On the flight to and back from Korea I saw some excellent films that I highly recommend. Airplane film choices are now so excellent (for people like me who like obscure movies) that I am starting to look forward to long-haul flights where I can watch two or three films.
Ode to My Father (Korean: Gukjesijang) by Yoon Je-kyoon: This melodramatic tear-jerker is from South Korea and apparently is the second highest grossing film there. I cried, rather embarrassingly, pretty much throughout the movie (when you are sitting along on a dark airplane at 30,000 feet it is easy for emotions to surge). The “finding dispersed families” scene was so poignant. I was not aware of that particular phase in the North-South conflict. Even though the film is somewhat hokey, the ambition and scale lingers. The acting is often phenomenal, and the combination of nostalgia, respect, and admiration for “the lives of our parents” is quite powerful. The director Yoon Je-kyoon has a sharp eye for letting the audience know that the personal is always political, especially under the authoritarian regimes of the 1960s and 1970s, but the film lets the viewer fill in the politics. A nice video review with scenes from the film is here.
Marshland (Spanish: La isla mínima) by Alberto Rodríguez: From the opening credits I thought to myself, “This is where True Detective got its style,” but I see on returning it was released in 2014, so maybe the influence was in the other direction (Wikipedia says filming began before True Detective, but the resemblance is quite striking). The film is a standard crime/political thriller. Two detectives investigating a disappearance uncover a dark underbelly in rural Spain in the late 1970s. Great cinematography and acting, and a tight story. Javier Gutierrez is really great. Here is the trailer.
Un homme idéal by Yann Gozlan: A straight ripoff or variation on Patricia Highsmith’s “The Talented Mr. Ripley,” this is a film to enjoy as implausible complications pile up for the young man who has stolen the diary of a dead man whose house he is cleaning, and published it as his own novel of the war in Algeria. Good not great. Trailer is here.

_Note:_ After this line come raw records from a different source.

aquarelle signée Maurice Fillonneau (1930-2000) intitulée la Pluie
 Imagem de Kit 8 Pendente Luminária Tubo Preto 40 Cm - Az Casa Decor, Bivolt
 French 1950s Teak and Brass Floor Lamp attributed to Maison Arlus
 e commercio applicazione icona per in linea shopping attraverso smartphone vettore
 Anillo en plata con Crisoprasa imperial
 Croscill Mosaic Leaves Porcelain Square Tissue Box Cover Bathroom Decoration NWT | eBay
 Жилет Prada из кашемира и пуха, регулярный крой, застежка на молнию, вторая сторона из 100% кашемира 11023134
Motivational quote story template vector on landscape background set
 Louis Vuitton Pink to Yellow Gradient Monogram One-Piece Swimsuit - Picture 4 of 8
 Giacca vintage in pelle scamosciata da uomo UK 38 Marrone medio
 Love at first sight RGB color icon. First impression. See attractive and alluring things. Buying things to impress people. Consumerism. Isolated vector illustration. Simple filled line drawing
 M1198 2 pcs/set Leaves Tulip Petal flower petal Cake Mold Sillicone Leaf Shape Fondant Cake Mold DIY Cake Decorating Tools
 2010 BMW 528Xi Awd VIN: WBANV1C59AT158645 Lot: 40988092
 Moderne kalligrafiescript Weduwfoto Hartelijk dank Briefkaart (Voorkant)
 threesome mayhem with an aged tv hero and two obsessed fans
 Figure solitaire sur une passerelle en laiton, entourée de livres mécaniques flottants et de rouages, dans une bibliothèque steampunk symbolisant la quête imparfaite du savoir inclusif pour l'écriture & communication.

True Story by Rupert Goold: The film dramatizes the book by former journalist Michael Finkel, who was fired by The New York Times for basically making up key elements of a magazine cover story about African minors working in cocoa plantations. Finkel, in disgrace, finds out that a now apprehended murderer-on-the-run Christian Longo, had been using his name while in Mexico. The two men begin the kind of symbiotic journalist-evil person relationship that is a trope all its own. Longo is on death row in Oregon. Jonah Hill in a twist I think is perfectly cast; he is infuriating to an intelligent viewer, which is what Finkel in real life must have been. James Franco’s sleepy eyes used to great effect. You never get inside him. Trailer is here.